Here are the beginnings of a (slightly) more principled look at how my prototype implementation of a scale-independent “frequency” transform, called PWT, differs from the standard windowed approach, called STFT.
Below are frequency analyses of a synthesized signal using both techniques. The signal consists of three successive waves: a simple sine wave, a sawtooth wave, and a square wave. Each wave descends logarithmically in pitch from 10,000 hz to 10 hz over the course of half a second or so. The sample rate is 44,100 hz. For STFT, I’ve generated output using a range of window (block) sizes: 128 samples, 512, and 2048 samples. For PWT there is no window parameter, so only one output is given.
Below are the same outputs on a logarithmic scale, to give a slightly different view.

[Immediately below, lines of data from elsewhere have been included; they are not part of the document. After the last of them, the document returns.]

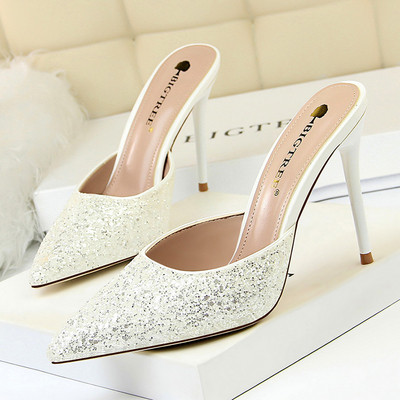 Papuci de dama eleganti, stralucitori, cu toc inalt subtire - model ascutit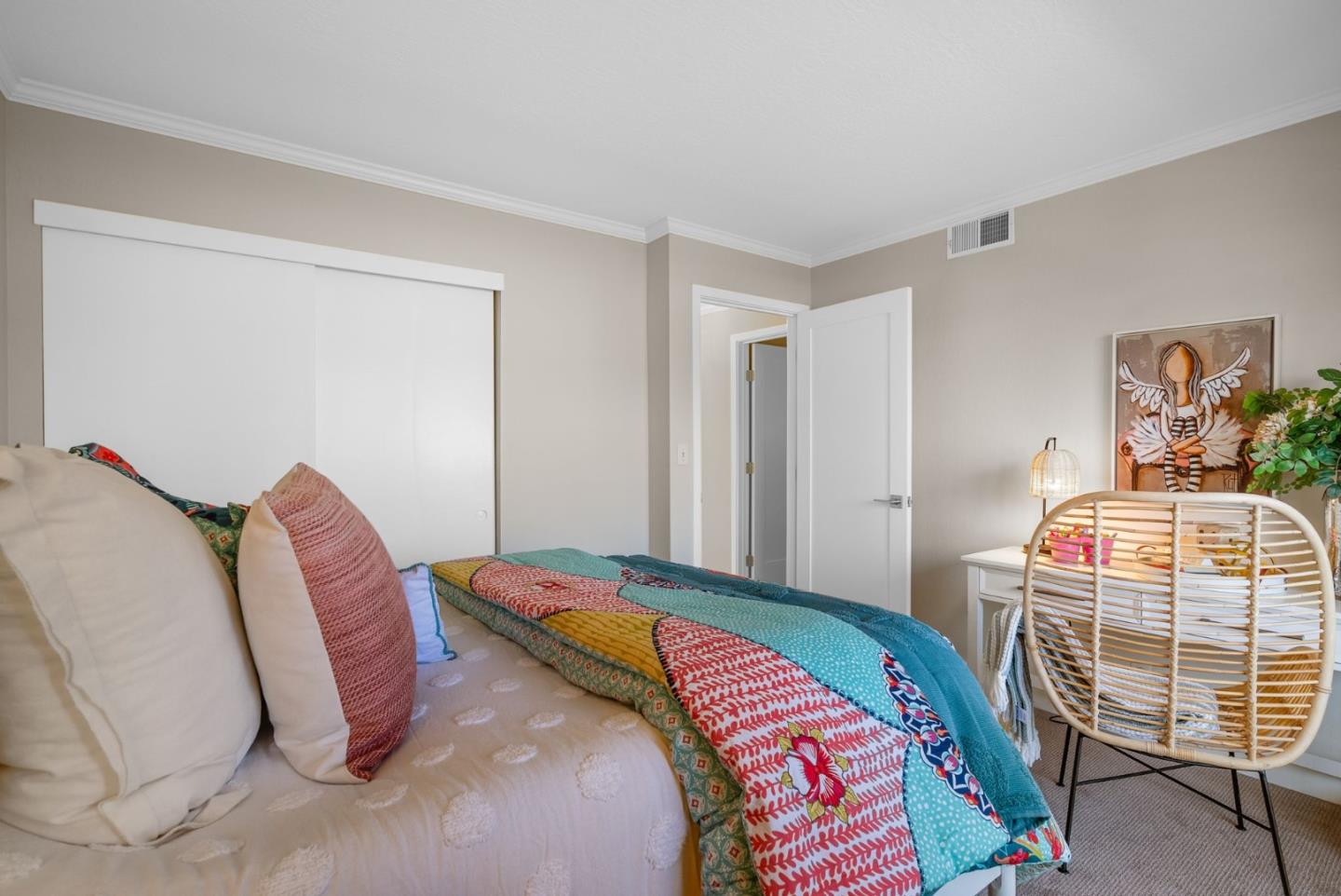 Detail Gallery Image 17 of 38 For 15400 Winchester Blvd #25,  Los Gatos,  CA 95030 - 3 Beds | 2/1 Baths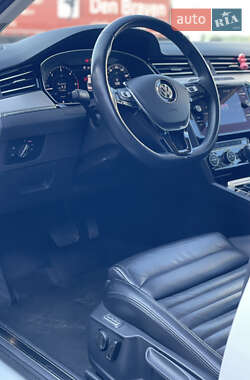 Седан Volkswagen Passat 2017 в 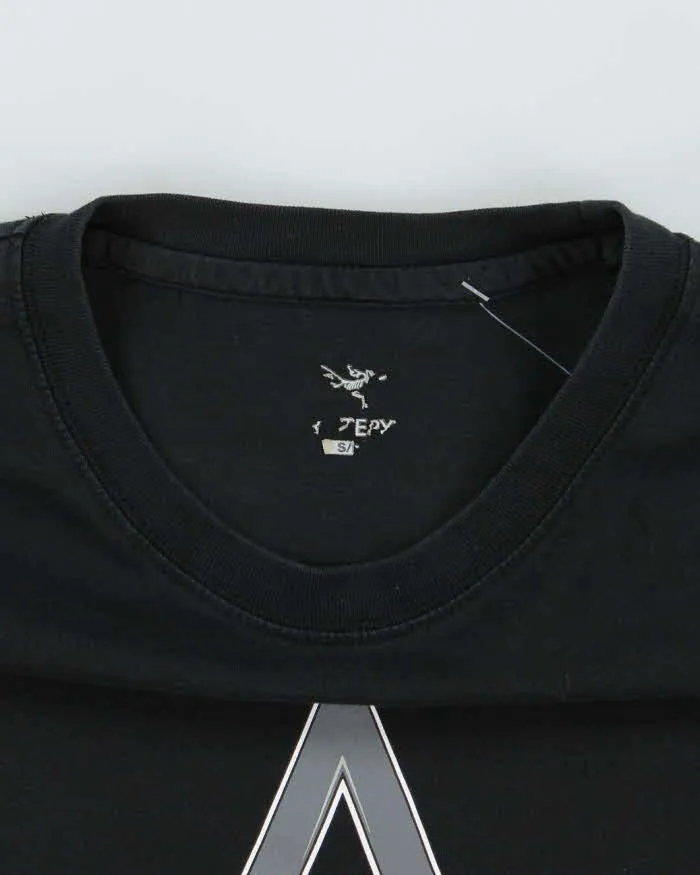 Vintage Arc'teryx Centre Logo Graphic T-Shirt - S sold by Rokit product image thumbnail 5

One of the most notable features in these plots is the lack of harmonics present in the PWT analysis of the sawtooth wave. This is because PWT does not analyse the signal in terms of constituent sine waves. Rather, it is looking for periodic signals in a more general sense, and in this sense there is little difference between the two waveforms (note that the square wave is slightly harder to deal with in this respect and this is one of the things I am looking at addressing).
This property of PWT might make it particularly useful for identifying tonal content in music, or formants in human speech (see the plot in the previous post), in a way that is robust to the more subtle timbral variations between different speakers and instruments. Maybe 🙂
Notice also that the frequency appears to be identified much more precisely and consistently with PWT (with the debatable exceptions of the square wave and the very high frequencies). In contrast, the precision of STFT is at its best where the window size is matched to the wavelength (i.e. large window sizes give more precise results for low frequencies and vice-versa), although moderate “bleeding” is present in all of the examples given here.